In order to use the transition-based outlier detection algorithm DOOTS on your clustered data, first the object has to be initialized:
import pandas
from ots_eval.outlier_detection.doots import DOOTS
data = pandas.DataFrame(data, columns=['object_id', 'time', 'cluster_id'])
detector = DOOTS(data, weighting=False, jaccard=False)

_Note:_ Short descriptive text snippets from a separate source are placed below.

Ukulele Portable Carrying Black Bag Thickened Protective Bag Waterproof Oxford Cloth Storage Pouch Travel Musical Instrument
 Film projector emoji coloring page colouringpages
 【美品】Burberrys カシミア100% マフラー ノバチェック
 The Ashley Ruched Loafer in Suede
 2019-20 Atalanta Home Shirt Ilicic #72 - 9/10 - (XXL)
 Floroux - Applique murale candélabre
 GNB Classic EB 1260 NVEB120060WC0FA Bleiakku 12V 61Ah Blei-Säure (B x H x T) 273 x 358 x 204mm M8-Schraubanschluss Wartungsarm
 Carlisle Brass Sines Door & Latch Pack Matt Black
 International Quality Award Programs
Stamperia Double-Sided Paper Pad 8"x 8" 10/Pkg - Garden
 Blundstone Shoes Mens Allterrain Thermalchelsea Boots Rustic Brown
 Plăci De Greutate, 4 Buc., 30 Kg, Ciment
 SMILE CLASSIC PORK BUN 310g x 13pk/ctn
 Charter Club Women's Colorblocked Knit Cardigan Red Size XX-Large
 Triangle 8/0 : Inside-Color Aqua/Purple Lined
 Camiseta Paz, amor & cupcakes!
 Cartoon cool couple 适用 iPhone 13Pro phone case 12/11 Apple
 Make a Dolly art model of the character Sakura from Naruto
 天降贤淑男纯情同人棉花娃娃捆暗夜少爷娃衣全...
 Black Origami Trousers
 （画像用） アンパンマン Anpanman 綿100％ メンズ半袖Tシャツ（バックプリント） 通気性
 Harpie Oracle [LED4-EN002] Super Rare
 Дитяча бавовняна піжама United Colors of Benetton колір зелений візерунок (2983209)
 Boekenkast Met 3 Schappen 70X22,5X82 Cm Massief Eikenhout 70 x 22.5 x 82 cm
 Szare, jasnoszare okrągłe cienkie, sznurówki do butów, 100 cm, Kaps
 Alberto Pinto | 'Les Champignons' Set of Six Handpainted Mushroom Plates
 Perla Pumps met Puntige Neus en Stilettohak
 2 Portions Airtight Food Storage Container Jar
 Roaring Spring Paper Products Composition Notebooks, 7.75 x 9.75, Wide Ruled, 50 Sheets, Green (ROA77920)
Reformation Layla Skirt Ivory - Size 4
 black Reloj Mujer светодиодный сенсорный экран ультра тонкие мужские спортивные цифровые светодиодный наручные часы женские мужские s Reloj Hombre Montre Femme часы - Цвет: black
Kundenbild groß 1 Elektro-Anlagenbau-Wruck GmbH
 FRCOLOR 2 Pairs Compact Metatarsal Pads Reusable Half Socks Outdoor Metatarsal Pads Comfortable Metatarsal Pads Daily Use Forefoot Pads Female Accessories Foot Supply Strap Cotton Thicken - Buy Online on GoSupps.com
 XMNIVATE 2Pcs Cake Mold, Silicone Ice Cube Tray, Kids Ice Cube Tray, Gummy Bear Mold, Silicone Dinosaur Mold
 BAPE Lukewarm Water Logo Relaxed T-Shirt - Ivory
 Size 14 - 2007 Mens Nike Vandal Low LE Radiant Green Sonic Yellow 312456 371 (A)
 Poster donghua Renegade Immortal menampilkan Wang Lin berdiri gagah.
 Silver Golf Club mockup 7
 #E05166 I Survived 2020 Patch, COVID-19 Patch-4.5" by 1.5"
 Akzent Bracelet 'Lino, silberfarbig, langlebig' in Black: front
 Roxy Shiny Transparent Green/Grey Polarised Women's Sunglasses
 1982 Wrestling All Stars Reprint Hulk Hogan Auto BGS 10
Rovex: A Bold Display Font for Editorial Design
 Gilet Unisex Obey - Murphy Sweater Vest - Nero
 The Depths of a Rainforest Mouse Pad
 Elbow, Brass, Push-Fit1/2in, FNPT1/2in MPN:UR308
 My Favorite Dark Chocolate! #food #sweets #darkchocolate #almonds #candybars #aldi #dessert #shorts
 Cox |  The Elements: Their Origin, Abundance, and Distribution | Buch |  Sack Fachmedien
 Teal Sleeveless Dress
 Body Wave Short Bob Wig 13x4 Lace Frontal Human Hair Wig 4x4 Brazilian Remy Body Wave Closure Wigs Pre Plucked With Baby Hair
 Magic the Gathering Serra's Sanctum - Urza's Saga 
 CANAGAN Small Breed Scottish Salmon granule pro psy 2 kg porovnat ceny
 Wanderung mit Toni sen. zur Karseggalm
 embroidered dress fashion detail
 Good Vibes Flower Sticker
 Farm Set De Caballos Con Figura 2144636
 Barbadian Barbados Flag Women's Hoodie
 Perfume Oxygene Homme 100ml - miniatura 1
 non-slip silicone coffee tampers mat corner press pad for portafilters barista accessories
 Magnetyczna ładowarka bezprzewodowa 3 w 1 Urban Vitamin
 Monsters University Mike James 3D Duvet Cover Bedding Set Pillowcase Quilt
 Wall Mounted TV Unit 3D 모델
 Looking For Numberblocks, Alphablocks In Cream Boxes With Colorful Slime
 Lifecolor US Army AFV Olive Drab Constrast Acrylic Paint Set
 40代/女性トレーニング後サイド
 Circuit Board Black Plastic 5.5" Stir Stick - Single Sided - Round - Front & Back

Explanation of the parameter:
Parameter | Default | Datatype | Description | |
---|---|---|---|---|
data | - | - | pandas.DataFrame | with first column being the objectID, second being the timestamp, third being the clusterID |
jaccard | optional | False | boolean | indicating if jaccard index should be used |
weighting | optional | False | boolean | indicating if more distant past should be weighted lower than nearer past |
The names of the columns in the DataFrames are not relevant but the order of them. The DataFrame may contain further columns but only the first three are considered.
The outliers can then be calculated by calling
outlier_result = detector.calc_outlier_degree()
clusters, outlier_result = detector.mark_outliers(tau=0.5)
The function calc_outlier_degree
computes the degree of being an outlier for every subsequence. With mark_outliers
and the threshold parameter tau
all outliers are marked. The function returns the data DataFrame with an additional column 'outlier' indicating, if a data point is an outlier and which type of outlier it is, and the outlier result, which is a pandas.DataFrame with columns 'object_id', 'start_time', 'end_time', 'cluster_end_time', 'rating', 'distance' and 'outlier'. The outlier types are:
-1
: transition-based outlier-2
: intuitive outlier-3
: transition-based as well as intuitive outlier
With
clusters, outlier_result = detector.get_outliers(tau=0.5)
the outliers are calculated immediately.